From: Mike Snitzer <snitzer@kernel.org>
To: linux-nfs@vger.kernel.org
Cc: Jeff Layton <jlayton@kernel.org>,
Chuck Lever <chuck.lever@oracle.com>,
Anna Schumaker <anna@kernel.org>,
Trond Myklebust <trondmy@hammerspace.com>,
NeilBrown <neilb@suse.de>,
snitzer@hammerspace.com
Subject: [PATCH v11 20/20] nfs: add Documentation/filesystems/nfs/localio.rst
Date: Tue, 2 Jul 2024 12:28:31 -0400 [thread overview]
Message-ID: <20240702162831.91604-21-snitzer@kernel.org> (raw)
In-Reply-To: <20240702162831.91604-1-snitzer@kernel.org>
This document gives an overview of the LOCALIO auxiliary RPC protocol
added to the Linux NFS client and server (both v3 and v4) to allow a
client and server to reliably handshake to determine if they are on the
same host.
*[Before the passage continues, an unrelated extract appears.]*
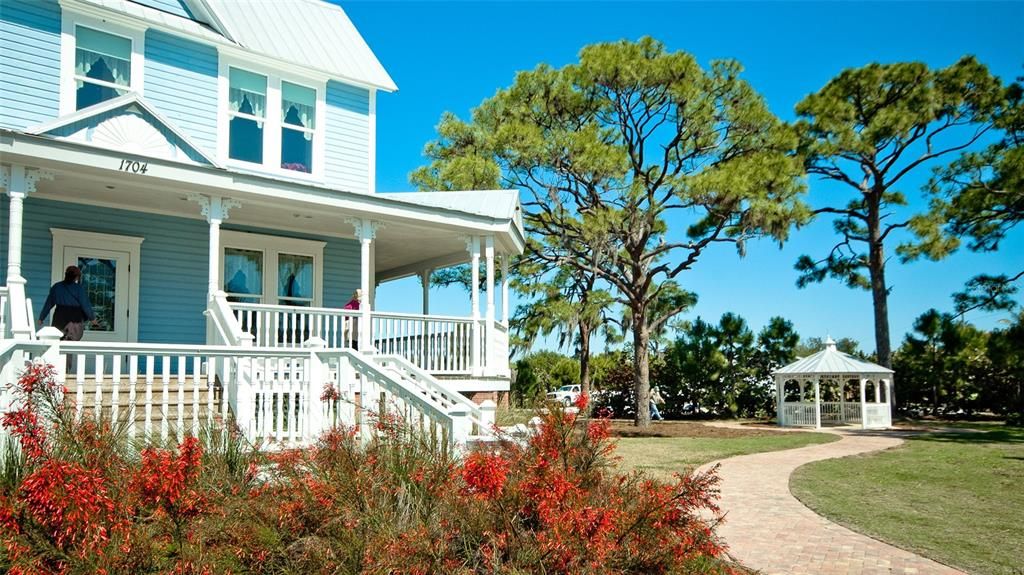 For Sale: $300,000 (2 beds, 2 baths, 1825 Square Feet)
The LOCALIO auxiliary protocol's implementation, which uses
the same connection as NFS traffic, follows the pattern established by
the NFS ACL protocol extension.
The robust handshake between local client and server is just the
beginning, the ultimate usecase this locality makes possible is the
client is able to issue reads, writes and commits directly to the server
without having to go over the network. This is particularly useful for
container usecases (e.g. kubernetes) where it is possible to run an IO
job local to the server.
Signed-off-by: Mike Snitzer <snitzer@kernel.org>
---
Documentation/filesystems/nfs/localio.rst | 135 ++++++++++++++++++++++
include/linux/nfslocalio.h | 2 +
2 files changed, 137 insertions(+)
create mode 100644 Documentation/filesystems/nfs/localio.rst
diff --git a/Documentation/filesystems/nfs/localio.rst b/Documentation/filesystems/nfs/localio.rst
new file mode 100644
index 000000000000..7f211e3fc34c
--- /dev/null
+++ b/Documentation/filesystems/nfs/localio.rst
@@ -0,0 +1,135 @@
+===========
+NFS localio
+===========
+
+This document gives an overview of the LOCALIO auxiliary RPC protocol
+added to the Linux NFS client and server (both v3 and v4) to allow a
+client and server to reliably handshake to determine if they are on the
+same host. The LOCALIO auxiliary protocol's implementation, which uses
+the same connection as NFS traffic, follows the pattern established by
+the NFS ACL protocol extension.
+
+The LOCALIO auxiliary protocol is needed to allow robust discovery of
+clients local to their servers. In a private implementation that
+preceded use of this LOCALIO protocol, a fragile sockaddr network
+address based match against all local network interfaces was attempted.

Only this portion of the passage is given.